「福祉のこころ」

小野寺先生から勧められてこの本を読んだとき、「ああ、私の考えていたことは、こういうことだったのだ」と腑に落ちる気持ちになりました。私は今から20年近く前に、当時はホームヘルパー2級講座と呼ばれていた今の介護職員初任者研修を受けました。そのとき私は、これまで学校でこのようなことを教えてもらったことがなかった、と素直に思いました。ケアカレの卒業生さんの中にも、介護職員初任者研修を義務教育にすべきとおっしゃる方もいるように、当時の私もまさにそんな想いでした。今の学校教育に決定的に欠けているのは、道徳教育ではなく、福祉の教育なのではないでしょうか。未来を担う子どもたちには、福祉のこころを育む教育が必要なのです。

 

道徳教育と福祉の教育との違いは、前者が物ごとの善悪を教えるのに対し、後者は人間の幸福や自分や他者を愛する心、公平なこころを持つこと、自分は生かされていると感じるこころを教えるということです。物ごとの善悪は、時として偏ってしまったり、押しつけがましかったりしますが、福祉のこころが教えようとしていることは普遍的な何かです。だからこそ、福祉や介護の仕事にたずさわる人たちだけではなく、誰もが学んでもらいたい教育のひとつなのです。私は日本国民の全員が、福祉のこころを学ぶために、せめて介護職員初任者研修は受けてもらいたいと願っています。著者の一番ケ瀬康子さんは、こう語っています。

 

私は福祉の分野で仕事をしてきましたが、決して、みなさんに福祉の専門家になってほしいと思ってこの本を書いているのではありません。福祉には専門家だけでなく、さまざまな学問や職業に福祉の心を活かすことが大切だからです。
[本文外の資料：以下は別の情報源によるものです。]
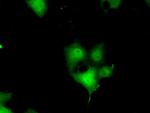 ERCC1 Antibody in Immunocytochemistry (ICC/IF)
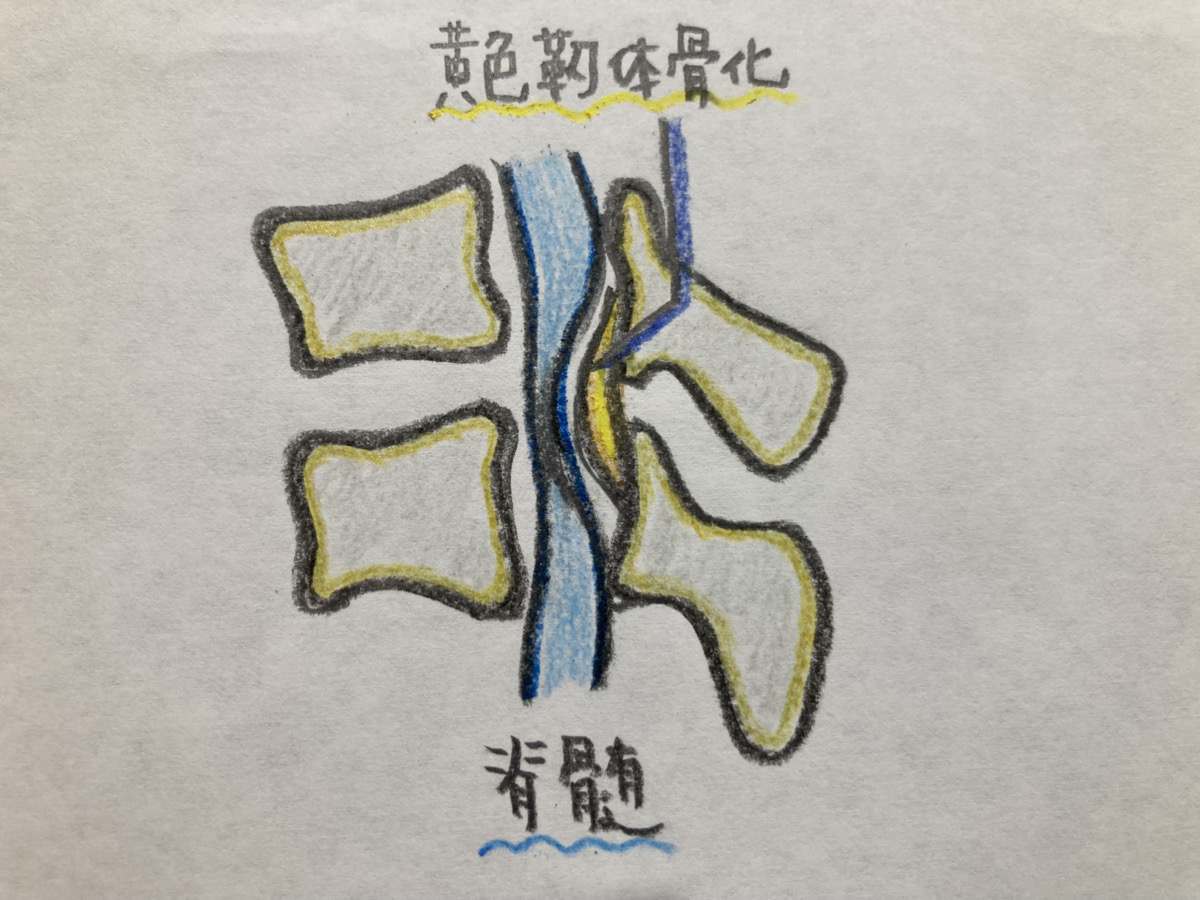 黄色靭帯骨化症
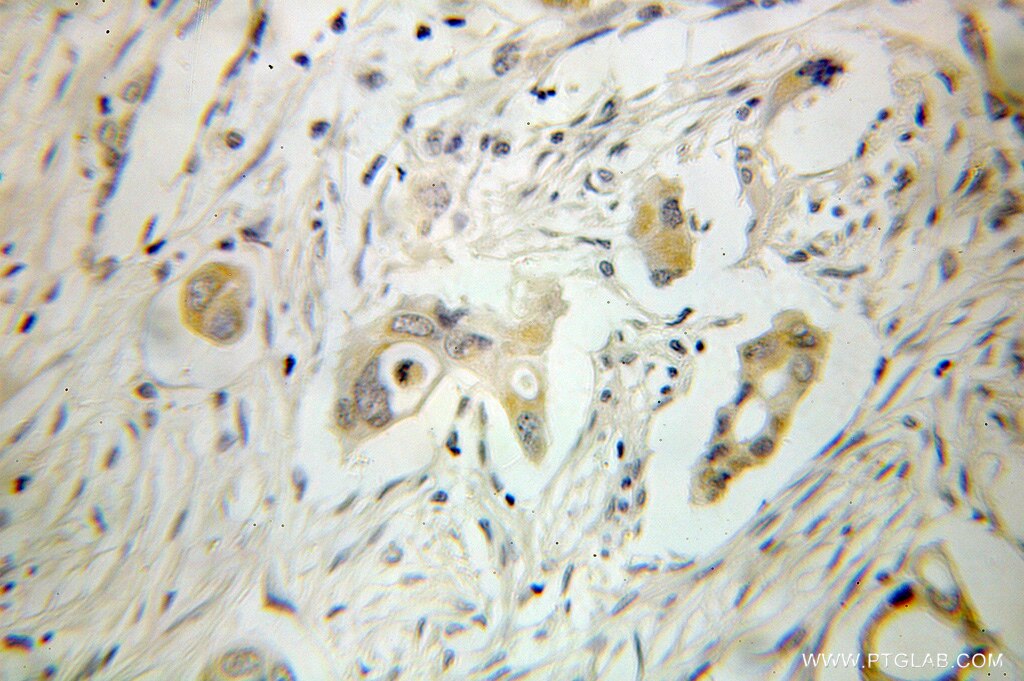 Immunohistochemistry (IHC) staining of human pancreas cancer tissue using GSTA2 Polyclonal antibody (10505-1-AP)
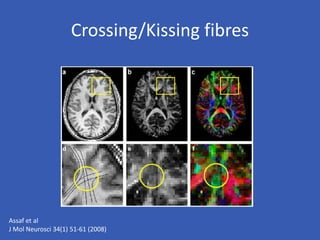 Crossing/Kissing fibres
Assaf et al
J Mol Neurosci 34(1) 51-61 (2008)
 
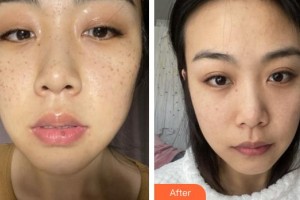 福州秀清醫(yī)療美容診所鐘玉鳳整形價格表附祛斑案例展示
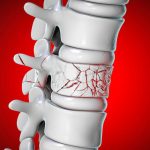 Pain Management After Spinal Fracture Surgery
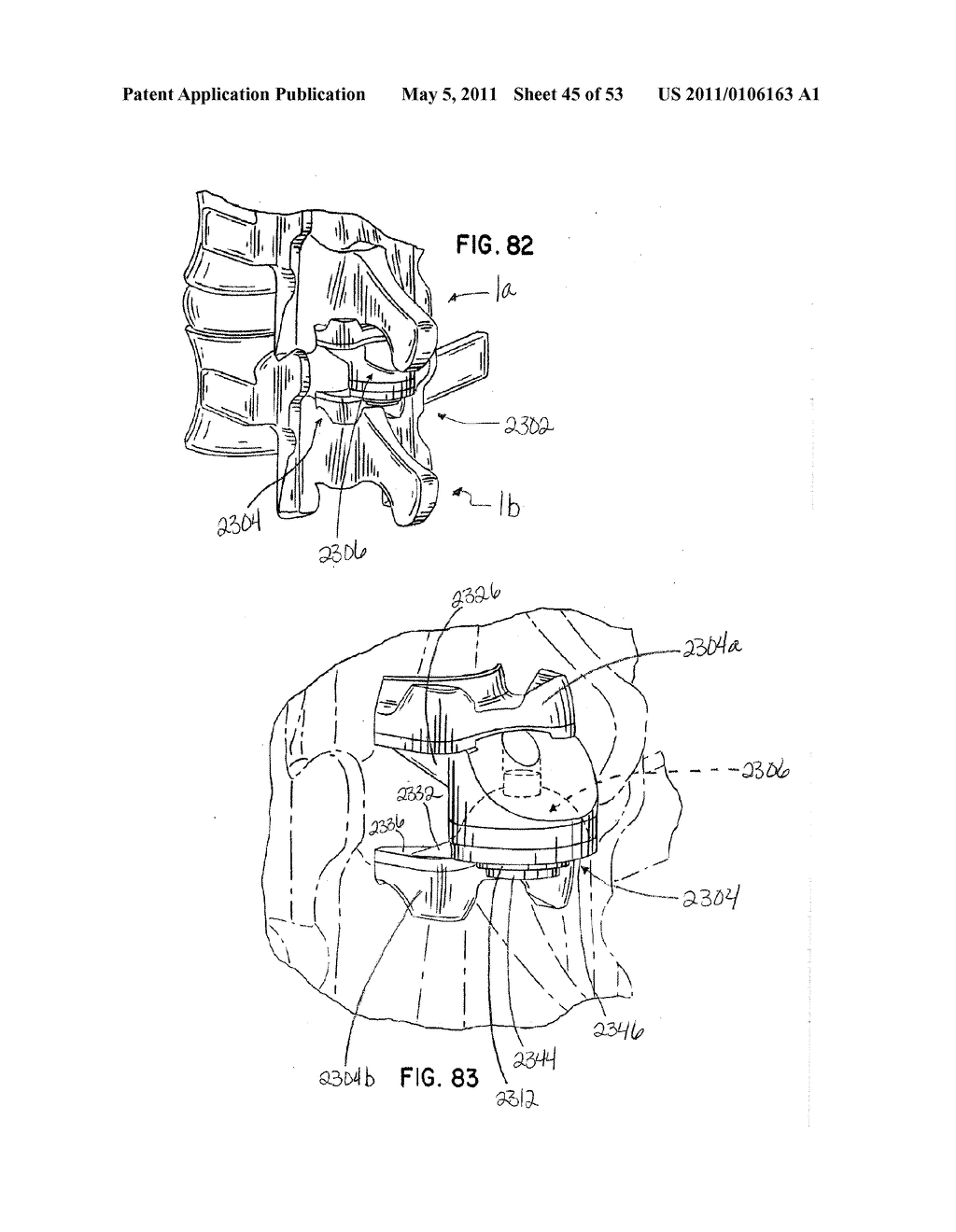 Interlaminar Stabilizing System - diagram, schematic, and image 46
そして、福祉の心をもって生きる時、途中で立ち止まったり、方向を転換することがあったとしても、あなたの人生を心から愛し、「次」につなげていくことができるのだと確信しています。福祉とは、自分も他者も愛することにほかならないのですから。

 

第3章の「私の中の弱さに気づく時」の中のエピソードは私の心に刻まれました。著者が終戦後に就職した紡績工場にて、ある女性工員さんが母親の胎内で感染した「梅毒」のために体がボロボロになり、会社としては他の人に感染するのが怖いから辞めてほしいという流れになりました。まだ医療が発達していない中では、どうしようもなかった現実がありました。彼女は結局仕事を辞めさせられることになり、著者は彼女を泣く泣く駅まで見送りにいきました。ところが、別れ際に、彼女が握手を求めて手を差し出してくれたとき、著者はその手を握り返すことができなかったのでした。

 

そのシーンがずっと心の中に焼きついて離れない、と著者は語ります。感染するのが怖かった、自分の弱さをどうすることもできなかった、利己的な自分に気づいたというのです。それは一方で、他人の弱さへの共感へともつながっているのだそうです。こういう人間のさまざまな想いを抜きにして、福祉は語れないと。最後に、一番ケ瀬さんの言葉を引用して締めくくりたいと思います。

 

 

福祉の仕事に関心を持つ人が増えています。社会福祉士や介護福祉士など、さまざまな資格も誕生しましたし、福祉を学ぶ場もかつてより、ずいぶん多くなりました。もちろん、歓迎すべきことですが、長年福祉にたずさわってきた私が願うのは、その一番根っこに福祉の気持ちや心、それからさまざまな問題を冷静に見る姿勢を育てること。そしてそれは、今あなたが生きている毎日をきちんと見つめることから始まるのだと思います。